Vítor Martins abandonava assim a presidência do grupo que dirigiu desde setembro de 2004, quando foi chamado a substituir António de Sousa e Luís Mira Amaral, que eram respetivamente presidente do conselho de administração e presidente da comissão executiva, segundo o anterior modelo de gestão da CGD. Com Santos Ferreira entrou também na administração da Caixa Armando Vara, que tinha sido secretário de Estado da Administração Interna no Governo de António Guterres, tendo saído do Executivo aquando da polémica acerca da fundação para a Prevenção e Segurança.

Manteve-se no cargo Celeste Cardona, ex-ministra da Justiça no Governo PSD/PP, cuja nomeação para vogal da CGD tinha também gerado críticas. Além da mudança de composição, o conselho de administração foi então reduzido de 11 para nove elementos, com várias saídas e entradas. Além de Vítor Martins, saíram da CGD o vice-presidente João Freixa, bem como os vogais António Vila Cova, Luís Alves Monteiro e Gracinda Raposo.

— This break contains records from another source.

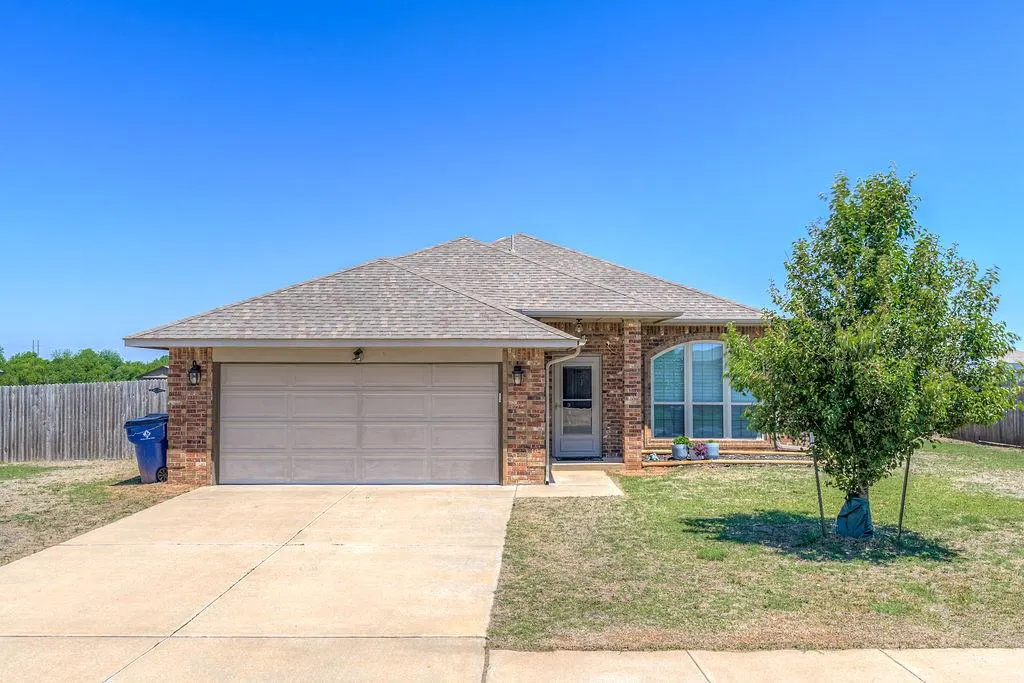 Photo 2 — 910 Brookhollow Drive, Chickasha, OK 73018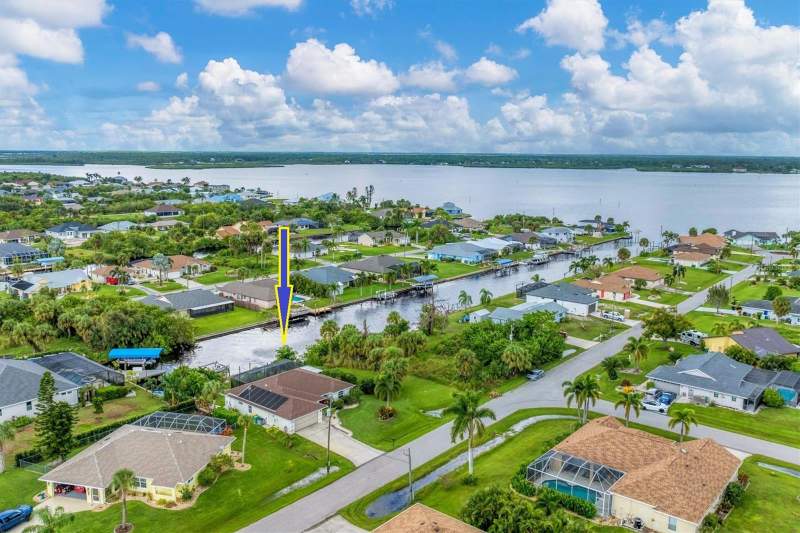 3 bedroom Single Family Residence at 2555 Dixon Terrace, Port Charlotte Sec 060, Port Charlotte — photo 3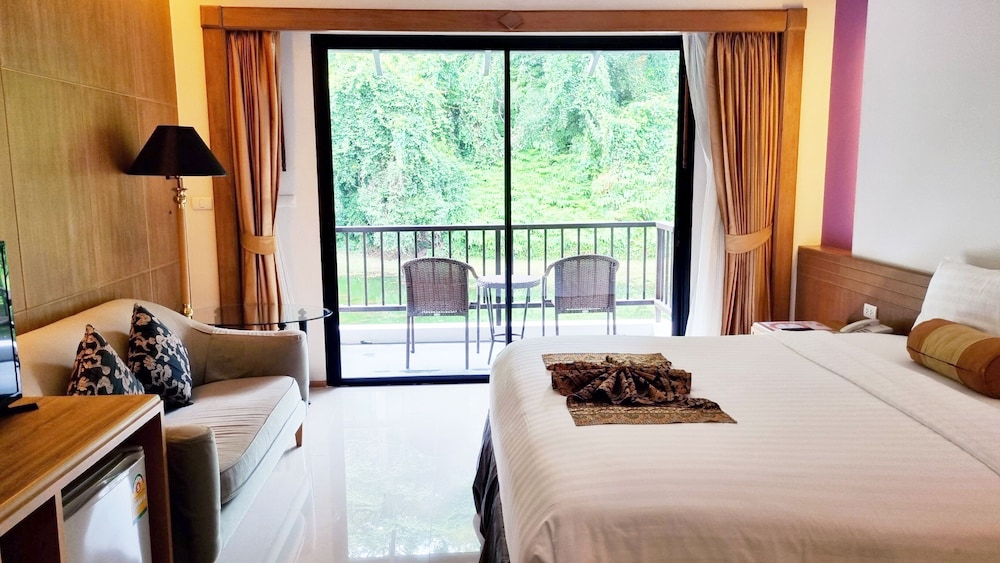 Tinidee Golf Resort At Phuket 9/50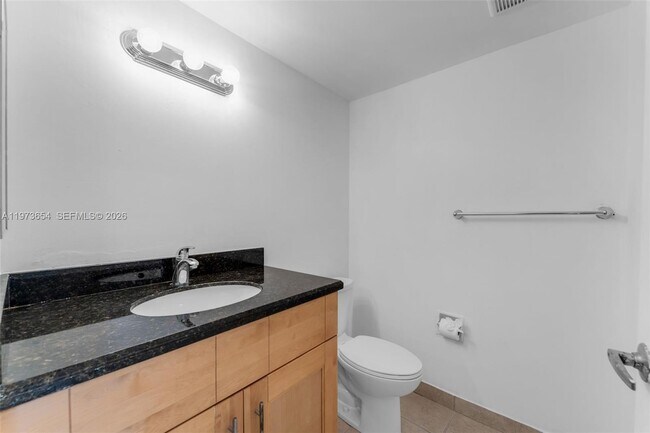 Building Photo - 9735 Fontainebleau Blvd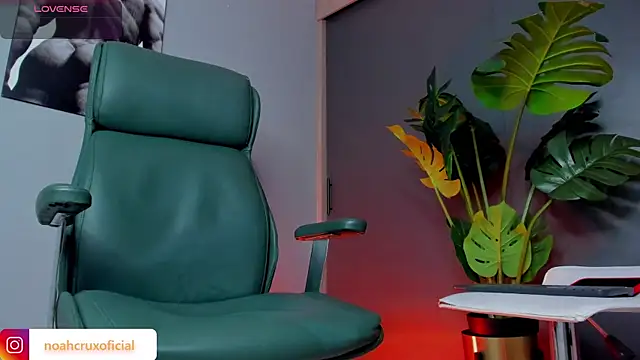 noah crux online show from 15, 4, 2026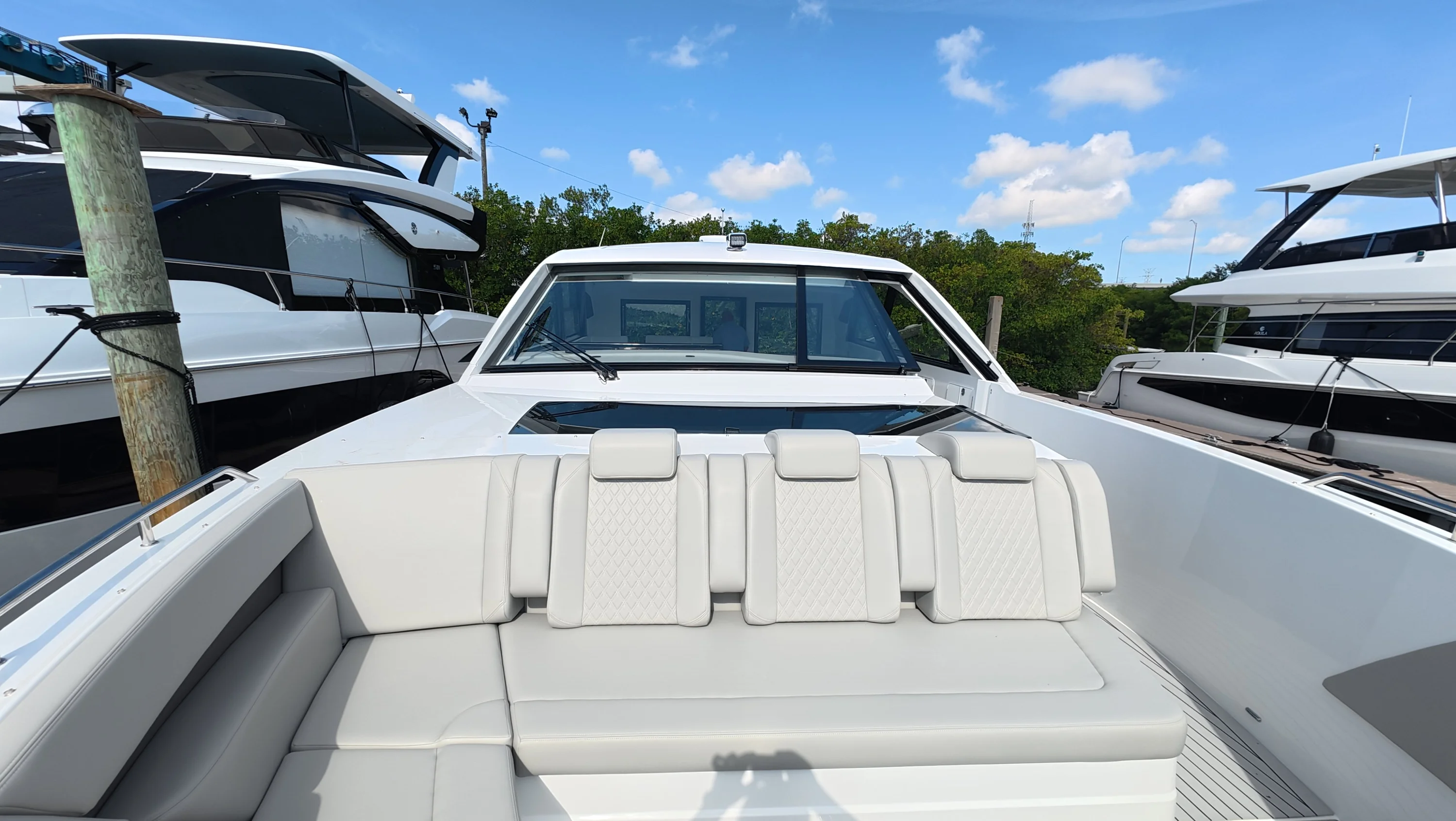 2026 Cruisers Yachts 50GLS OB Image Thumbnail #25
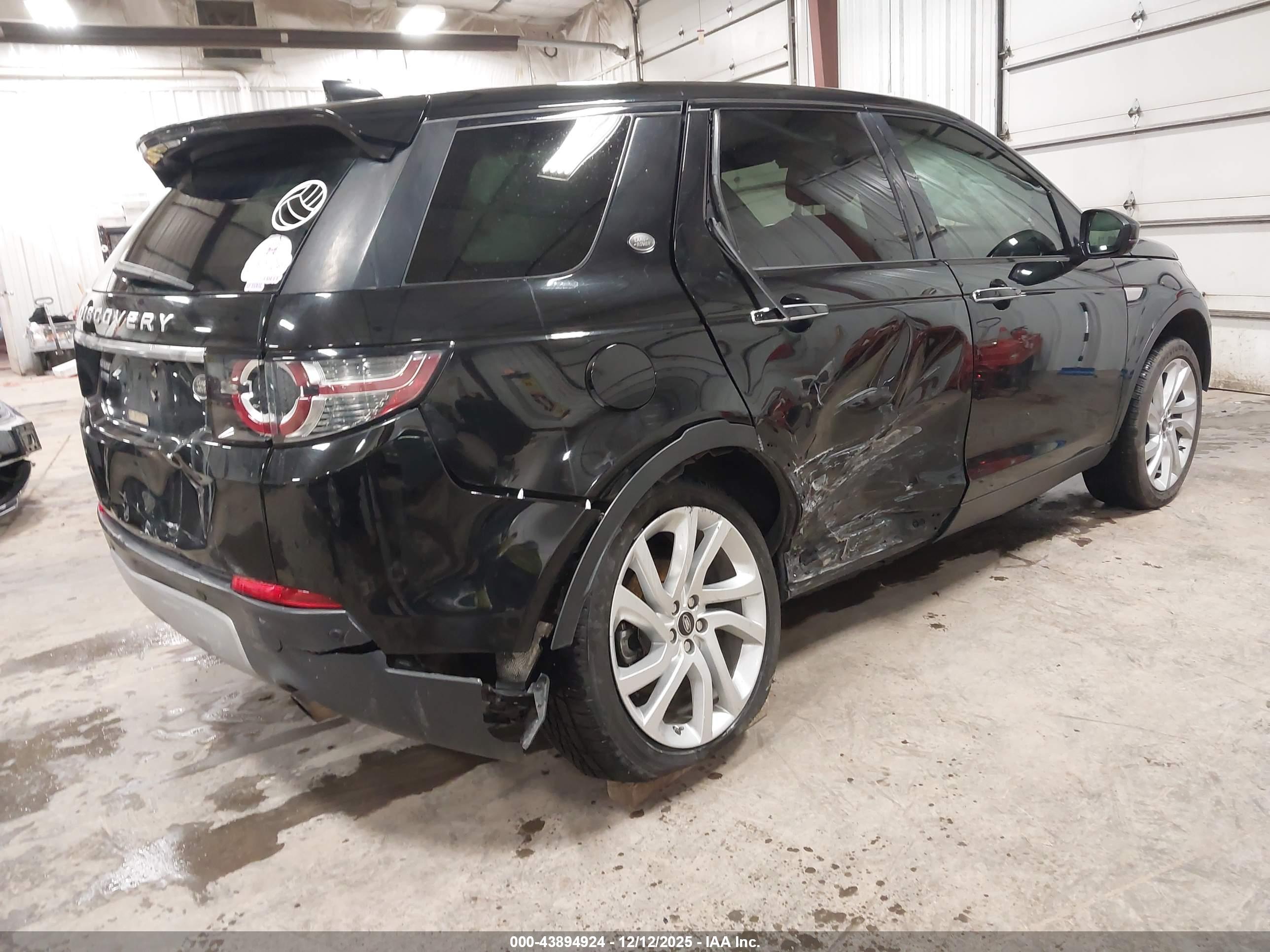 LAND ROVER image 4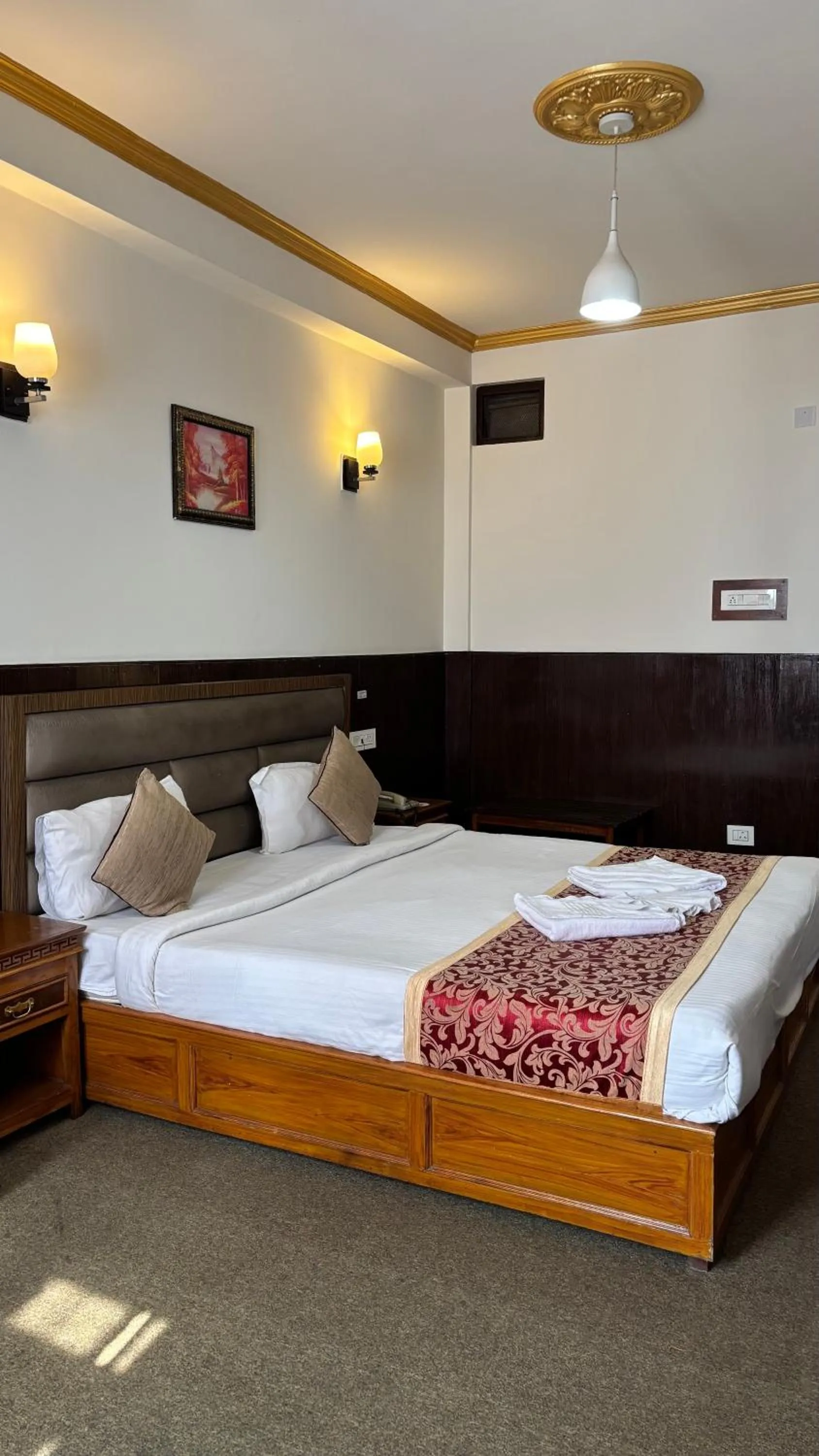 Bedroom, Bed in Hotel KASTURI PALACE & RESTAURANT DARJEELING
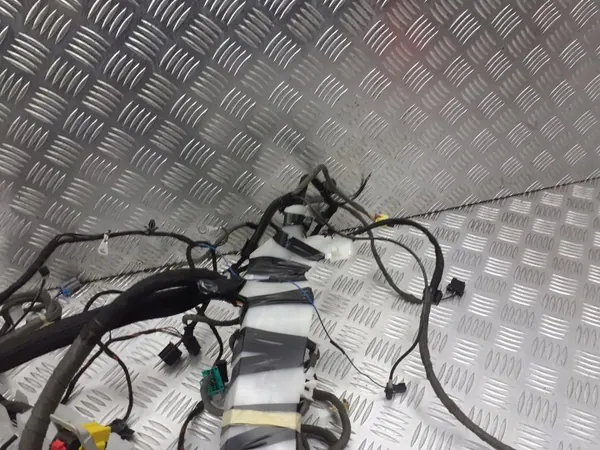 Motorraum-Installation Opel Astra J 1.4T OEM 13222786 image 6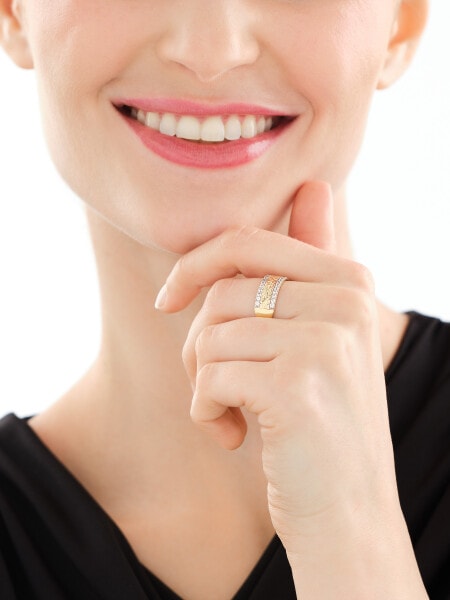 Złoty pierścionek z cyrkoniami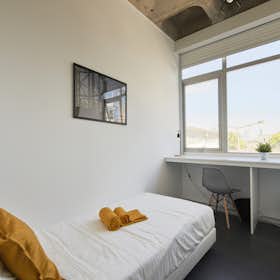 私人房间 正在以 €400 的月租出租，其位于 Lisbon, Rua Projectada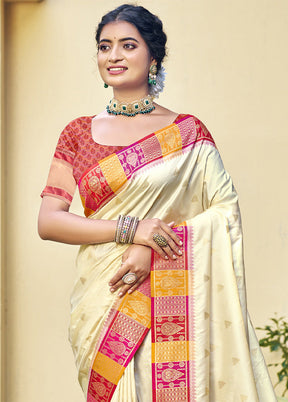 Cream Dupion Silk Saree With Blouse Piece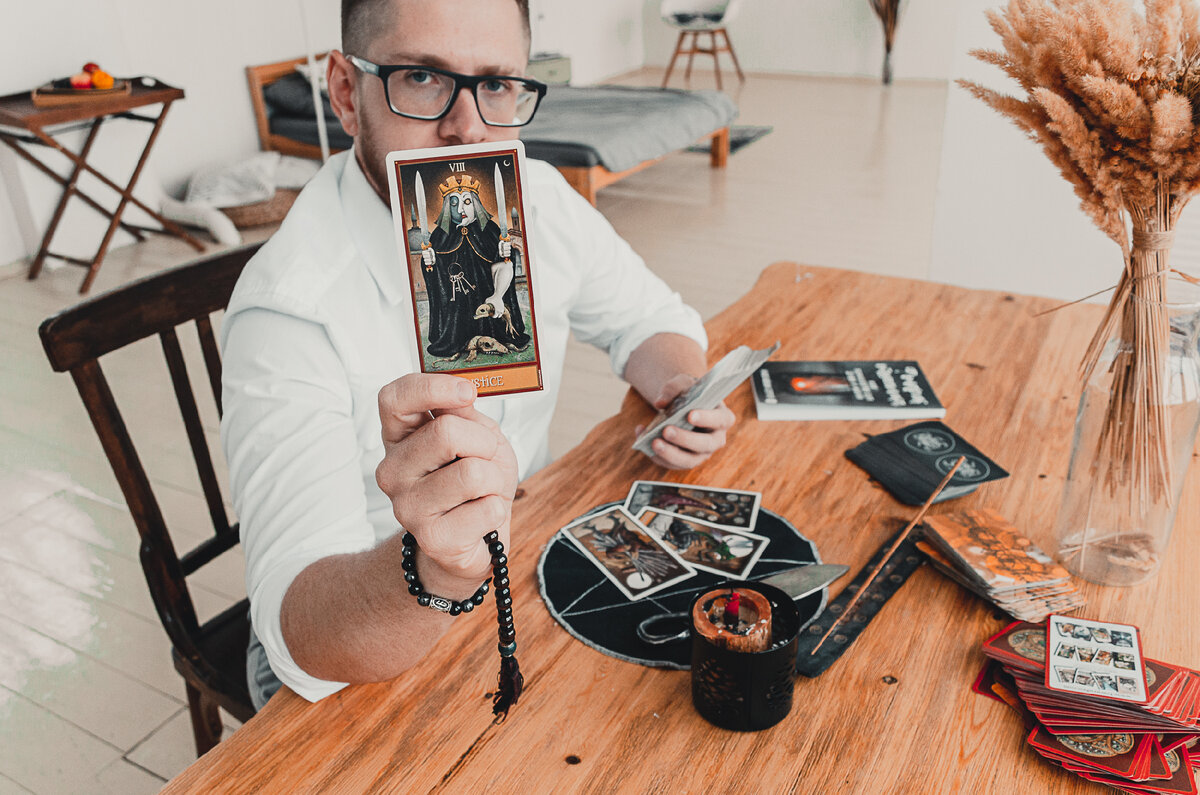 Таролог, психолог, мистик Сергей Нуштайкин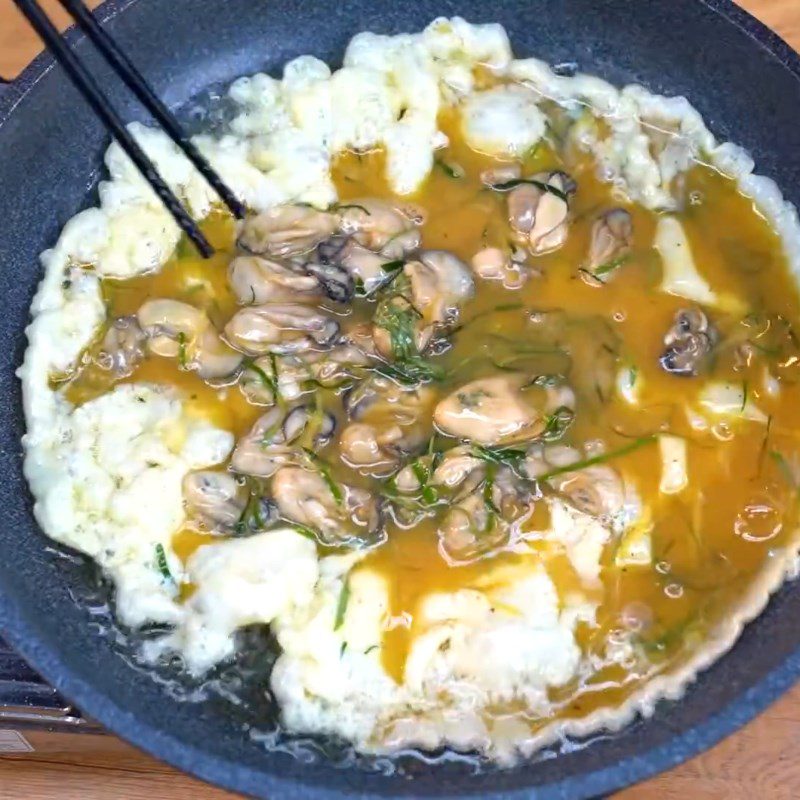 Step 4 Frying eggs Fried oyster eggs with betel leaves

Segundo Teixeira dos Santos, citado no comunicado emitido então pelo Ministério das Finanças “uma liderança forte e uma relação com o acionista Estado assente na transparência, sindicabilidade e confiança são condições essenciais”. “Nos últimos meses, todavia, uma série de eventos e notícias a eles associados fragilizaram, objetivamente, a imagem interna e externa da atual administração bem como a relação de confiança que deveria existir entre ela e o acionista”, afirmava o ministro. “Face a esta situação, tornou-se imperioso criar condições que permitam à CGD prosseguir com firmeza a sua estratégia”.

Do PSD ao Bloco de Esquerda, choveram críticas da oposição.

Luís Marques Mendes, que era à época presidente do PSD, classificou a substituição de quatro membros da administração da Caixa Geral de Depósitos como um “ato descarado de saneamento político”. Em declarações ao Diário Económico, o líder do principal partido da oposição considerou que “esta decisão só se explica por uma vontade insaciável de controlar todos os centros de poder”, adiantando que “estando em causa a Caixa Geral de Depósitos e a sua relevância no sistema financeiro português, a decisão assume uma particular gravidade”.

O Bloco de Esquerda também não poupou críticas e considerou que as alterações na administração da CGD constituíam “um pagamento de favores partidários”, tendo entregado um pedido oficial de explicações ao ministro das Finanças. “O Bloco de Esquerda manifesta a sua indignação pela utilização desta empresa de capitais públicos para o pagamento de favores partidários”, referia num comunicado em que solicitava ao ministro das Finanças, Fernando Teixeira dos Santos, “cabais esclarecimentos sobre a nomeação de Armando Vara e toda a política de nomeações e contratações de administradores”. “Não só não é do conhecimento público nenhuma experiência profissional relevante de Armando Vara na administração bancária, como o governo, a remodelar a administração da CGD, deveria anteceder essa decisão com uma explicação pública da sua estratégia para o banco do Estado”, lia-se no documento.

E o CDS-PP juntou a sua voz à restante oposição. O presidente do CDS-PP, José Ribeiro e Castro, exigiu a Teixeira dos Santos, que explicasse “com mais clareza” as mudanças na administração da Caixa.  “É desejável que seja um pouco mais preciso e claro, nomeadamente face a algumas dúvidas que hoje são levantadas na imprensa, dando conta que a mudança pode ter a ver com o financiamento do plano de investimentos anunciados pelo Governo”, afirmou Ribeiro e Castro.

Foram assim os dias imediatamente anteriores e posteriores à saída de Luís Campos e Cunha do Governo de José Sócrates. Dias turbulentos que voltaram a ser recordados esta semana tendo como motivo uma mesma discussão: a gestão da Caixa Geral de Depósitos, a estratégia do banco público e as responsabilidades políticas em todo o processo.